Aim of the task:
Set the listing down unchanged, minus every embedded image.

Input data:
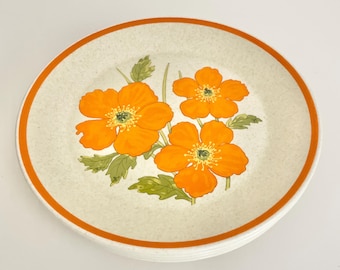 Vintage Temper-Ware av Lenox Fire Flower Salladstallrikar Set om 4
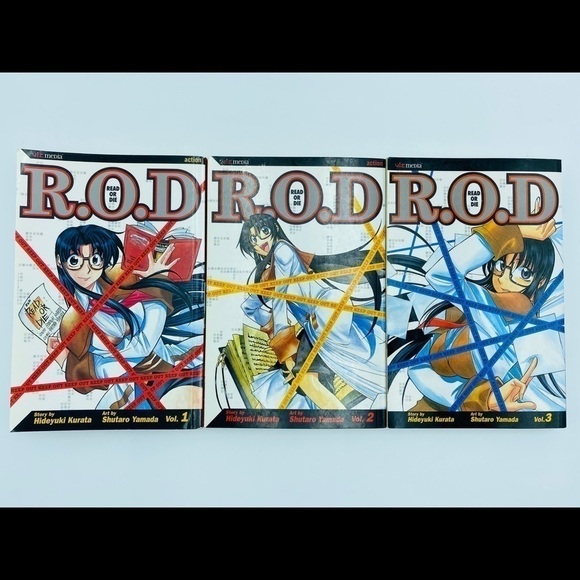 R.O.D. (Read Or Die) Manga English Book Lot Volumes 1-3 Hideyuki Kurata - Picture 1 of 3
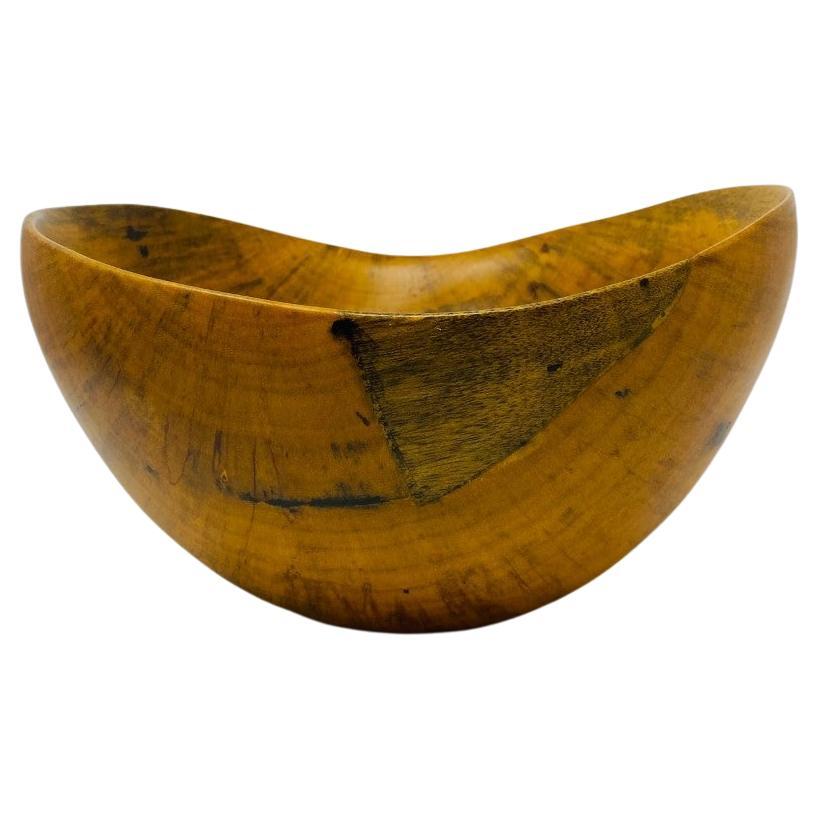 Vintage Original Mid-Century David Auld Hand Carved Wooden Bowl For Sale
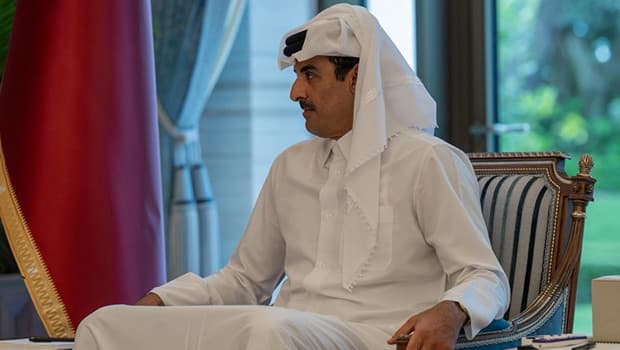 Katar Emiri Şeyh Tamim, Türk şehitler için düzenlenen törene katıldı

Written response:
 Vintage Temper-Ware av Lenox Fire Flower Salladstallrikar Set om 4
 R.O.D. (Read Or Die) Manga English Book Lot Volumes 1-3 Hideyuki Kurata - Picture 1 of 3
 Vintage Original Mid-Century David Auld Hand Carved Wooden Bowl For Sale
 Katar Emiri Şeyh Tamim, Türk şehitler için düzenlenen törene katıldı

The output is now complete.